Scientific classification
- Kingdom: Animalia
- Phylum: Chordata
- Class: Amphibia
- Order: Urodela
- Family: Plethodontidae
- Genus: Plethodon
- Species: P. shenandoah
- Binomial name: Plethodon shenandoah Highton and Worthington, 1967
- Synonyms: Plethodon richmondi shenandoah Highton and Worthington, 1967

= Shenandoah salamander =

- Genus: Plethodon
- Species: shenandoah
- Authority: Highton and Worthington, 1967
- Conservation status: CR
- Synonyms: Plethodon richmondi shenandoah Highton and Worthington, 1967

Species of amphibian

The Shenandoah salamander (Plethodon shenandoah) is a small, terrestrial salamander found exclusively in Shenandoah National Park in Virginia. The Shenandoah salamander inhabits a very small range of land on just three mountain peaks. Due to the small habitat range, interspecies competition, and climate change, the population of the Shenandoah salamander is vulnerable to extinction. Mitigating human effects on the habitat of the species will be essential in attempting to preserve and grow the population.

== Description ==
The adult Shenandoah salamander is slender and moderate in size, with a total length of 3.5 to 4.5 inches (7 cm - 10 cm). The species has two distinct color phases: striped and unstriped. The striped color phase has a narrow stripe down the center of its back that can range in color from red to yellow, while the unstriped color phase is uniformly dark with occasional scattered brass-colored flecks. In both color phases, white or yellow spots occur along the sides of the body. The Shenandoah salamander is similar in appearance to the red-backed salamander (Plethodon cinereus). However, the two species can be distinguished in many ways. The stripe on the Shenandoah salamander takes up one-third of its dorsal area, while the stripe on the red-backed salamander is wider and takes up approximately two-thirds of the dorsal area. In addition, the Shenandoah salamander lacks the "salt and pepper" color pattern on its underside that is characteristic of P. cinereus, and has a slightly larger and more broadly rounded head. Shenandoah salamanders are members of the family Plethondontidae, the lungless salamanders that breathe through the surface of their skin. Due to the lack of lungs, successful respiration depends on the ability to maintain skin moisture, thus restricting body size and necessitating a moist environment such as forested areas. This species is chiefly nocturnal, hunting for food at night and taking cover in dark, damp locations like rock crevices and underneath logs during the day.

== Life history ==
Like most woodland salamanders, the Shenandoah salamander eats mites, flies, small beetles, springtails, and other soil invertebrates. No direct observation of predation of the Shenandoah salamander has ever been reported, but potential predators residing within the habitat of the Shenandoah salamander include ring-necked snakes, short-tailed shrews, brown thrashers, and towhees. The Shenandoah salamander's life history is not well understood, though adult salamanders have a high survival rate, some even reaching 25 years of age. Like many salamanders, the breeding season for the Shenandoah salamander occurs during late spring or summer. Female salamanders do not breed prior to 4 years of age and lay an average clutch size of 13 eggs every other year. Clutches are laid in areas of moisture and incubate for 1–3 months. Fertilization occurs internally and the entire developmental process takes place within the egg—there is no aquatic larval stage. For the duration of the incubation period, females guard the nest and do not forage.

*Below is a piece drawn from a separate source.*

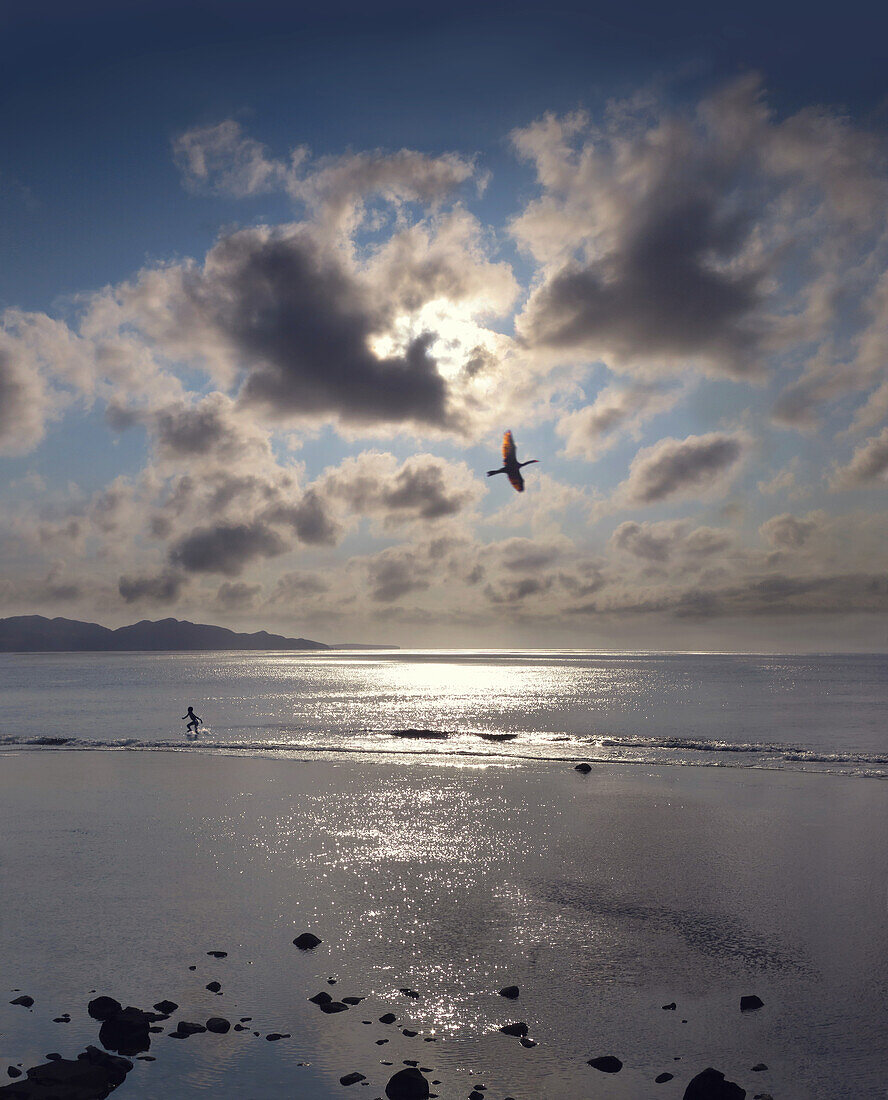 Cormorant flying over a beach at sunset with a boy playing in the water, Batan Island, Batanes, Philippines, Asia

All salamanders, including the Shenandoah salamander, have an important impact on ecosystem functions. Salamanders regulate population dynamics via predation of insects and other invertebrates, aerate the soil through burrowing behavior, and influence large-scale processes such as decomposition.

== Distribution ==

=== Habitat range ===
The Shenandoah salamander species is believed to have originated in the Appalachians of eastern North America, though the historical abundance of this species is unknown. Currently, Shenandoah salamanders are exclusively found on the north-facing talus slopes of three mountains within the Shenandoah National Park in Virginia: Hawksbill, The Pinnacles, and Stony Man (see range map). Each of the three talus slopes houses an isolated salamander population residing at approximately 3,000 feet above sea level. The talus slopes are typically dry, so the Shenandoah salamander is generally found within moist microhabitats scattered throughout the talus environment. Although the dry talus slopes are not optimal, the Shenandoah salamander is excluded from optimal forested areas containing deep, moist soil due to competition with the red-backed salamander.

=== Population size ===
Based on data from 2008/2009 there was a population estimate between 110,262 and 140,625, but current population trends and estimates cannot be established until surveys with marked animals are conducted.

== Major threats ==

=== Red-backed salamander ===
The Shenandoah salamander species is threatened by competition by the aggressive red-backed salamander, which restricts the Shenandoah salamander to dry, sub-optimal talus environments and prevents Shenandoah salamander populations from expanding into heavily forested areas. Furthermore, the talus habitat of the Shenandoah salamander is in a state of disintegration due to erosion. Eventually, this weathering will result in soil formation and a subsequent increase in moisture, thus making the talus environment suitable for red-backed salamander invasion and increasing the possibility of extinction of the Shenandoah salamander species

Both laboratory and field experiments have provided evidence of the red-backed salamander's aggressive, territorial behavior toward the Shenandoah salamander. The two species compete for large cover objects that provide cool temperatures and high moisture levels, but the territoriality of P. cinereus results in competitive exclusion of the Shenandoah salamander from moist soil environments. As a result, the Shenandoah salamander, which has a higher tolerance for dry conditions, is restricted to the talus slope environments in which the red-backed salamander cannot survive.

=== Invasive species ===
Invasive insect species in the Shenandoah National Park, namely the gypsy moth (Lymantria dispar dispar) and the hemlock woolly adelgid (Adelges tsugae), also threaten the survival of the Shenandoah salamander. Gypsy moth larvae feed on tree leaves, resulting in widespread defoliation and tree mortality. This loss of overstory dramatically alters the Shenandoah salamander habitat, reducing the ground moisture and potentially altering the Shenandoah salamander's ability to catch prey. Hemlock woolly adelgids are a major cause of hemlock tree mortality within Shenandoah National Park, contributing to overstory loss and talus slope habitat dehydration. In addition, hemlock mortality increases the amount of hemlock needles in the soil, which lowers the pH of the soil. Acid deposition due to acid rain and/or air pollution also contributes to soil acidification and has been well-documented in Shenandoah National Park. Although the direct effects of soil acidification on the Shenandoah salamander have not been documented, studies have shown that amphibians are extremely vulnerable to this process. These results suggest that soil acidification within the Shenandoah salamander habitat could reduce reproduction, affect food supply, lower egg hatchability, and increase newborn salamander mortality.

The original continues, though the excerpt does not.